So, here I am. Safe and sound in the hotel in Campinas. It took me about 22 hours to get from door to door.
The flight was long, but largely uneventful. Which is what one wants in a flight. (At least the uneventful part. The long bit, not so much.)
We landed in São Paulo around 9:00 a.m., but had to wait around a while at the airport to get the bus to Campinas, as the earlier one was full.
The bus ride was about 2 hours long, and I slept through much of it. The bus was able to let us out “at our hotel,” by special arrangements of the conference organizers. This meant letting a group of us out on a busy highway so that we could climb up a pedestrian overpass, and then cross another busy street with no light or crosswalk, traipse through a gas station, and arrive at the hotel on foot. This was not so bad, in and of itself, but seemed a bit rough on the distinguished professor from Japan in his late 70s. Especially since we were all toting our luggage. On the bright side, we didn’t get squashed by a bus.
Have I mentioned that Campinas appears to not be very pedestrian friendly? It would seem that we need to take cabs everywhere (or a shuttle to and from the conference when available)¹. There is not even a restaurant (outside of the hotel) or little market nearby.
My travel companion and I ended up taking a cab over to the nearby “small” shopping center, which turned out to be a pretty substantial mall.

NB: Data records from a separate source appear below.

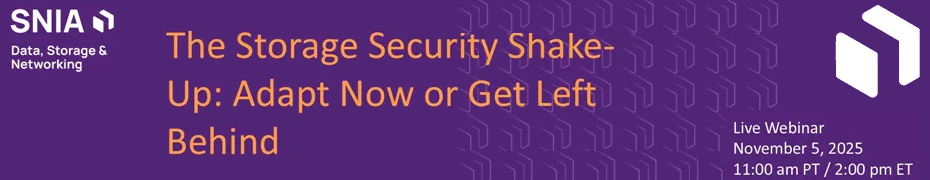 The Storage Security Shake-Up: Adapt Now or Get Left Behind (Nov. 5th)
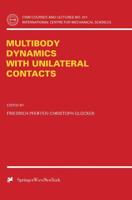 Multibody Dynamics With Unilateral Contacts
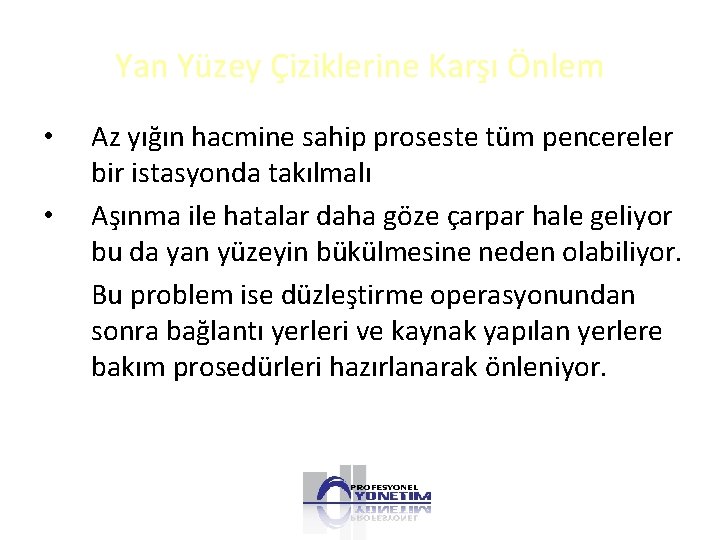 Yan Yüzey Çiziklerine Karşı Önlem • • Az yığın hacmine sahip proseste tüm pencereler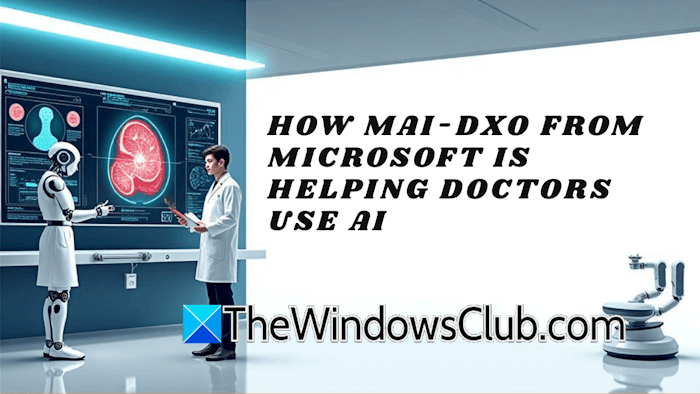 来自微软的Mai-Dxo如何帮助医生使用AI？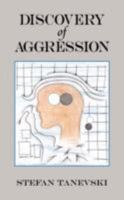Discovery of Aggression: An Essay 1434360822 Book Cover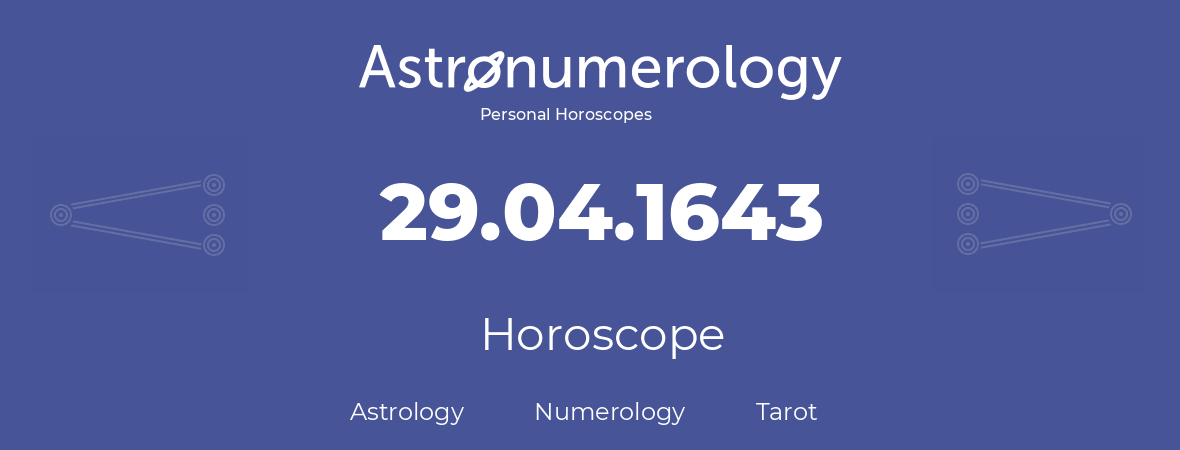 Horoscope for birthday (born day): 29.04.1643 (April 29, 1643)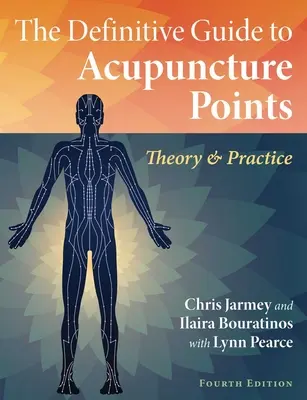 Der endgültige Leitfaden für Akupunkturpunkte: Theorie und Praxis - The Definitive Guide to Acupuncture Points: Theory and Practice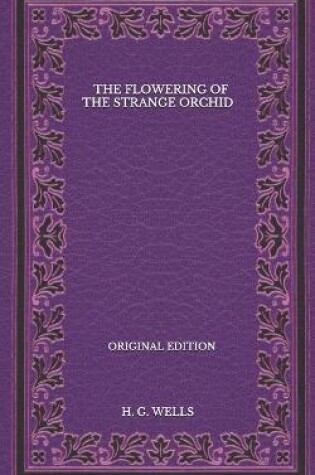 Cover of The Flowering Of The Strange Orchid - Original Edition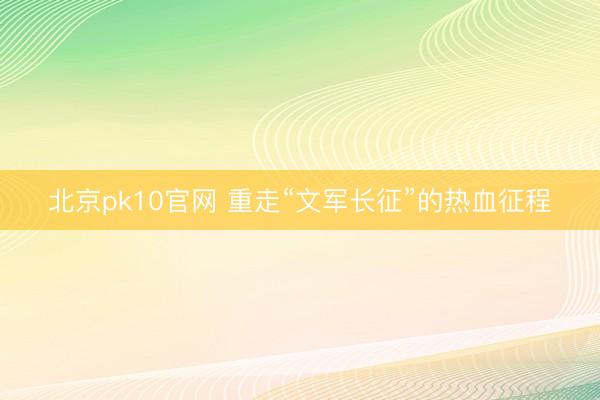 北京pk10官网 重走“文军长征”的热血征程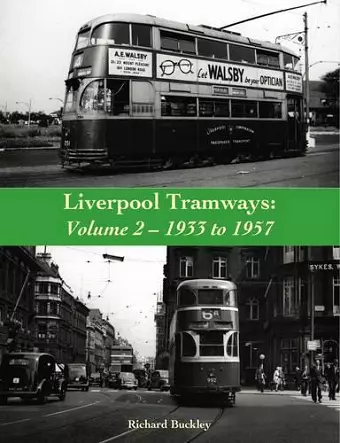 Liverpool Tramways: 1933 to 1957 cover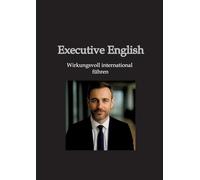 Executive English: Wirkungsvoll international führen
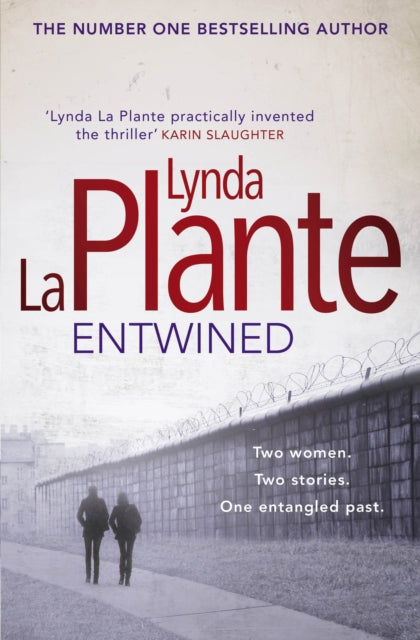 Book cover of: Entwined. By: Lynda La Plante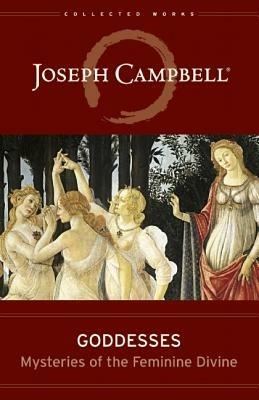 Goddesses: Mysteries of the Feminine Divine - Joseph Campbell - cover
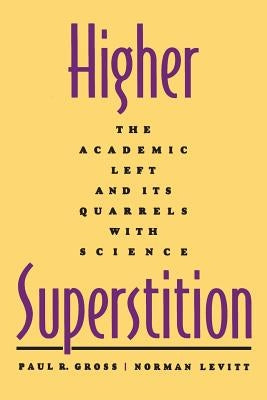 Higher Superstition: The Academic Left and Its Quarrels with Science by Gross, Paul R.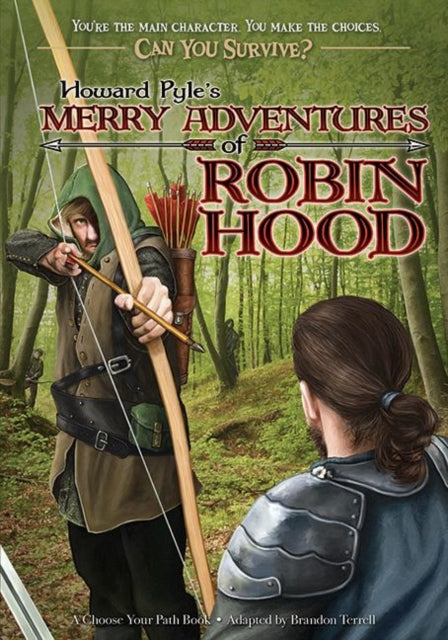 Book cover of: Howard Pyle's Merry Adventures of Robin Hood. By: Brandon Terrell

We found what we hoped would be a supermarket, but turned out to be more like a Walmart (named, appropriately, Big).
We did pick up a few things for dinner and snacks, including some goiabada (a condensed guava paste) and Minas cheese, which when eaten together are called “Romeo and Juliet.” We also got a bit of fruit, including some little bananas that were not as ripe as their degree of yellowness and and softness led me to believe. (Hopefully they will redeem themselves later in the week.)

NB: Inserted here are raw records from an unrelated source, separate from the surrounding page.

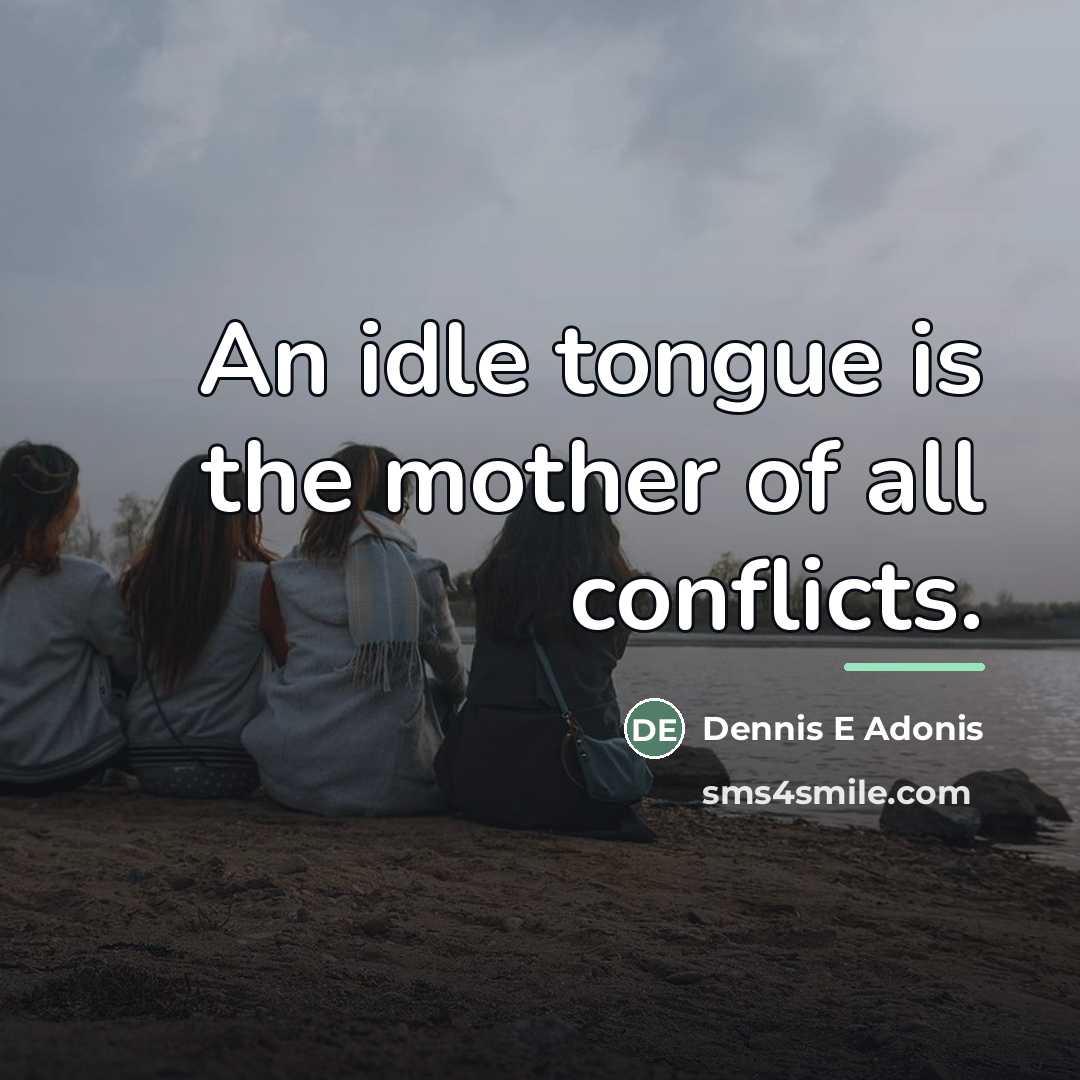 “An idle tongue is the mother of all conflicts.…” quote by Dennis E Adonis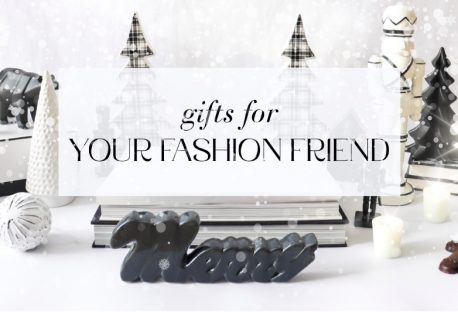 Holiday Gift Guide: Your Fashion Friend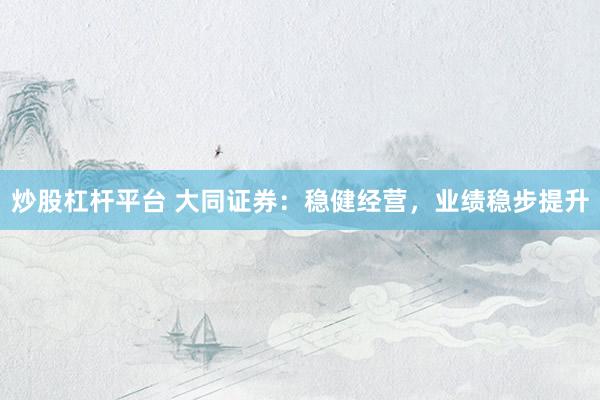 炒股杠杆平台 大同证券：稳健经营，业绩稳步提升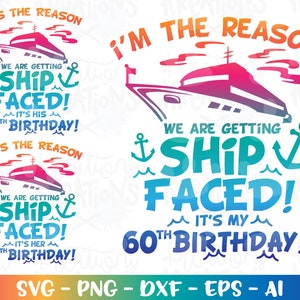 Schiff Gesicht Geburtstag svg Anpassen 60.Geburtstag Geschenk Kreuzfahrtschiff Thema svg cut Datei Silhouette Cricut Studio Download Vektor png dxf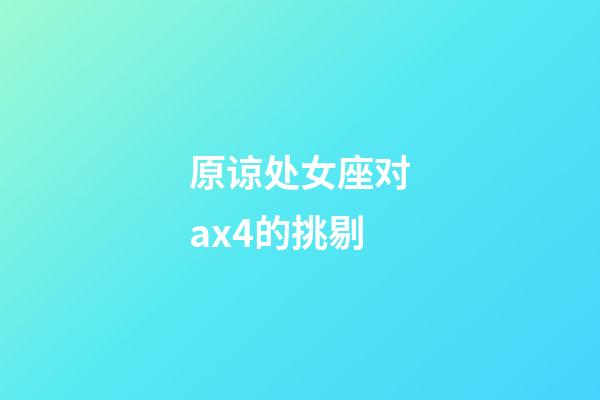 原谅处女座对ax4的挑剔-第1张-星座运势-玄机派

My Portuguese vocabulary is coming back to me in dribs and drabs. But I feel like I’m in a totally different country than the Brazil I knew 16 years ago. I don’t know how much of that is due to being in the outskirts of a very industrialized city without claims to tourism, and how much is due to the passage of time. Both, I think.
I’ve taken a couple of pictures of the view from our hotel window, but can’t seem to get my pictures to upload off my camera. I’ll post some when I can.
The conference starts tomorrow, so I expect I’ll be pretty tied up for the day.
Oh, also, a word of advice for those travelling to Brazil. Make sure to call all your banks or credit card companies if you hope to have access to your accounts in Brazil. I called one credit card company, but neglected to call our regular bank. My attempts to get cash from an ATM have resulted not in me getting cash, but in a hold being put on our account.
¹ I may actually adopt the term “shuffle bus” into my vocabulary, as this is what was listed several times on the conference bus. It appeals to me that we will get shuffled around, especially since many of us feel a bit mixed up.